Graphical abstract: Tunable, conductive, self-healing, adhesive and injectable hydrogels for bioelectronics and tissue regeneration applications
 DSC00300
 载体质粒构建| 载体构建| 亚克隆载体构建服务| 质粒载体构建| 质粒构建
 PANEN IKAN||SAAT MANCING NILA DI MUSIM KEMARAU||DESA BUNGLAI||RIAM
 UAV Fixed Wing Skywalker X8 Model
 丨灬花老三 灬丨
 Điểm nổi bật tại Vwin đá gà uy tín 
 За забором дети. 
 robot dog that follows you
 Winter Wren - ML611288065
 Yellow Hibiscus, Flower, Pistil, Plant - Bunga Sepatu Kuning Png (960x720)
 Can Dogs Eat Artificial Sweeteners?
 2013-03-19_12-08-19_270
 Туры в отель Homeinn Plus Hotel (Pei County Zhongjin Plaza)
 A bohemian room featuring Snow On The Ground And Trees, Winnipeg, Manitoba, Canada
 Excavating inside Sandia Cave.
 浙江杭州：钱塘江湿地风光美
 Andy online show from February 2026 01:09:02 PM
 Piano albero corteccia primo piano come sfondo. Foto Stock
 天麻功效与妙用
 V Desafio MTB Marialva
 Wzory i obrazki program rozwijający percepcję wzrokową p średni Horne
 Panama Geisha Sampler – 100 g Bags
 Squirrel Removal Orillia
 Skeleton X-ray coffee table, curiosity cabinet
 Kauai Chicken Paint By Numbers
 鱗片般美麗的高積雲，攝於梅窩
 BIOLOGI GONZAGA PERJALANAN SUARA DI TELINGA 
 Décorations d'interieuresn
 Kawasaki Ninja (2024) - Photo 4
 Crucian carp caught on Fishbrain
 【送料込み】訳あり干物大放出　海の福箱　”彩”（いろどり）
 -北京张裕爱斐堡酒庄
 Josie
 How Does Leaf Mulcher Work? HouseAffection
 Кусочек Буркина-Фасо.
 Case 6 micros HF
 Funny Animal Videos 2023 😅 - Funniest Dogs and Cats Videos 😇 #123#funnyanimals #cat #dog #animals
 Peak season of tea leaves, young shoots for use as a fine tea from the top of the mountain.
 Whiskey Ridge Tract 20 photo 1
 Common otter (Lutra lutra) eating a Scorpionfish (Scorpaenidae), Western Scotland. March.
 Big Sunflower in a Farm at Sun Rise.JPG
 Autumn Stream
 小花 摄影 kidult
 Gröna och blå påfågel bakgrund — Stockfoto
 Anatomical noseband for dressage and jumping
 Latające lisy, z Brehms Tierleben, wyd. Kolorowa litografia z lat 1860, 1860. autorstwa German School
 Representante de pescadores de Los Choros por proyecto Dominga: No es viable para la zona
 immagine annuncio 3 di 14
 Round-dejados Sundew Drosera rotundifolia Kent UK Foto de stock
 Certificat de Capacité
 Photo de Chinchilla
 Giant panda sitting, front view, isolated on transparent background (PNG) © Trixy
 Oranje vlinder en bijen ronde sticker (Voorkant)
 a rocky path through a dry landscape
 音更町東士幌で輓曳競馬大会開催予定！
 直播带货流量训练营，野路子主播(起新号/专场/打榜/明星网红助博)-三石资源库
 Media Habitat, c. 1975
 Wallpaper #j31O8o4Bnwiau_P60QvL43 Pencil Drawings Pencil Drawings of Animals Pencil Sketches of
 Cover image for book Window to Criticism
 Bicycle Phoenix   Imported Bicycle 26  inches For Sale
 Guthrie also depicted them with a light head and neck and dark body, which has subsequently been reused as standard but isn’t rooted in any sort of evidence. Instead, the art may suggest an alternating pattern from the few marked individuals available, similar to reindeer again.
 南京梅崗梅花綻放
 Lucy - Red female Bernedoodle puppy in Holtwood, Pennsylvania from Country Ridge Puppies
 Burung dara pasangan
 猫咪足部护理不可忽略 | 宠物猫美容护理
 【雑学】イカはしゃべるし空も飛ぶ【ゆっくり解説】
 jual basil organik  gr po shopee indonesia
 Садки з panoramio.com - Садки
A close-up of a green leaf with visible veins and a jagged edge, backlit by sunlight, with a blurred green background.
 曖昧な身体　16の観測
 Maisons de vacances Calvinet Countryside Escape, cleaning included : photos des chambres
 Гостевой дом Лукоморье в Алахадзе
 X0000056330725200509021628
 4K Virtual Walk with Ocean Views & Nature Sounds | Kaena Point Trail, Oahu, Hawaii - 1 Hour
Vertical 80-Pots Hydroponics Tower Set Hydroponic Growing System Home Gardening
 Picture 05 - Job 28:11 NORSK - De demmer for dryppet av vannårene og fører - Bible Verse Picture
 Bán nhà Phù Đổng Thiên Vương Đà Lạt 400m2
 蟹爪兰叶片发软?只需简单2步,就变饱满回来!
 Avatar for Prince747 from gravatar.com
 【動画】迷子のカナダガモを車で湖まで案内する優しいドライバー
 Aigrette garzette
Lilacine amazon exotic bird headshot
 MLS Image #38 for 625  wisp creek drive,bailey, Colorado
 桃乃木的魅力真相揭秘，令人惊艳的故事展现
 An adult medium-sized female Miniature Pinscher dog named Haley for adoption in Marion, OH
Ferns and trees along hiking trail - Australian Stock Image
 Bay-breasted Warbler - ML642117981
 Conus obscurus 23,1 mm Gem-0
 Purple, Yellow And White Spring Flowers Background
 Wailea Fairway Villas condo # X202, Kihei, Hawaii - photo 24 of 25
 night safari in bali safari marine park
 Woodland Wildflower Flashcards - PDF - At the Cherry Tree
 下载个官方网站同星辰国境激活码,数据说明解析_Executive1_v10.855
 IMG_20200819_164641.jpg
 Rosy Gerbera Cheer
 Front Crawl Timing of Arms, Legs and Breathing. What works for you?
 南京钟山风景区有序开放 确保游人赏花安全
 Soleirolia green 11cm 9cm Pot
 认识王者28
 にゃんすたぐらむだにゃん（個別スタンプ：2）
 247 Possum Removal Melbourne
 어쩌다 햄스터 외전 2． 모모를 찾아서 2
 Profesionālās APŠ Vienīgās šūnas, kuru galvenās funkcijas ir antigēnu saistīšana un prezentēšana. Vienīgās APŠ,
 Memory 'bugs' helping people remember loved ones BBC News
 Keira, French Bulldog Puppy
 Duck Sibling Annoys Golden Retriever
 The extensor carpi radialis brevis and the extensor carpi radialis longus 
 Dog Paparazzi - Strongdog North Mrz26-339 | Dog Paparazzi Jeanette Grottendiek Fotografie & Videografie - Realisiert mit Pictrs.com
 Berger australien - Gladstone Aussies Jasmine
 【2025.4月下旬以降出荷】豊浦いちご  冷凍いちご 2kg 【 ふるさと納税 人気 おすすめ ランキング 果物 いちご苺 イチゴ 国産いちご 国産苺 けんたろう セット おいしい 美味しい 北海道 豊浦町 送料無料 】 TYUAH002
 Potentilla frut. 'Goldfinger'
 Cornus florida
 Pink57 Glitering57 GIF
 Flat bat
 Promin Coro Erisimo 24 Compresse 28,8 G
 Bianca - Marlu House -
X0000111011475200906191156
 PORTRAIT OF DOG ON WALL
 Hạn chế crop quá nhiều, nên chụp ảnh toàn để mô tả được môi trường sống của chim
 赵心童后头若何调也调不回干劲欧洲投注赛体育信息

◇ ◇ ◇ ◇ ◇

*Work instructions*: Extract from the records above the lines from the one containing "Autumn Stream" to the one containing "Садки з panoramio.com - Садки", both lines included, exactly as they appear and with nothing else.

*Answer section*:
 Autumn Stream
 小花 摄影 kidult
 Gröna och blå påfågel bakgrund — Stockfoto
 Anatomical noseband for dressage and jumping
 Latające lisy, z Brehms Tierleben, wyd. Kolorowa litografia z lat 1860, 1860. autorstwa German School
 Representante de pescadores de Los Choros por proyecto Dominga: No es viable para la zona
 immagine annuncio 3 di 14
 Round-dejados Sundew Drosera rotundifolia Kent UK Foto de stock
 Certificat de Capacité
 Photo de Chinchilla
 Giant panda sitting, front view, isolated on transparent background (PNG) © Trixy
 Oranje vlinder en bijen ronde sticker (Voorkant)
 a rocky path through a dry landscape
 音更町東士幌で輓曳競馬大会開催予定！
 直播带货流量训练营，野路子主播(起新号/专场/打榜/明星网红助博)-三石资源库
 Media Habitat, c. 1975
 Wallpaper #j31O8o4Bnwiau_P60QvL43 Pencil Drawings Pencil Drawings of Animals Pencil Sketches of
 Cover image for book Window to Criticism
 Bicycle Phoenix   Imported Bicycle 26  inches For Sale
 Guthrie also depicted them with a light head and neck and dark body, which has subsequently been reused as standard but isn’t rooted in any sort of evidence. Instead, the art may suggest an alternating pattern from the few marked individuals available, similar to reindeer again.
 南京梅崗梅花綻放
 Lucy - Red female Bernedoodle puppy in Holtwood, Pennsylvania from Country Ridge Puppies
 Burung dara pasangan
 猫咪足部护理不可忽略 | 宠物猫美容护理
 【雑学】イカはしゃべるし空も飛ぶ【ゆっくり解説】
 jual basil organik  gr po shopee indonesia
 Садки з panoramio.com - Садки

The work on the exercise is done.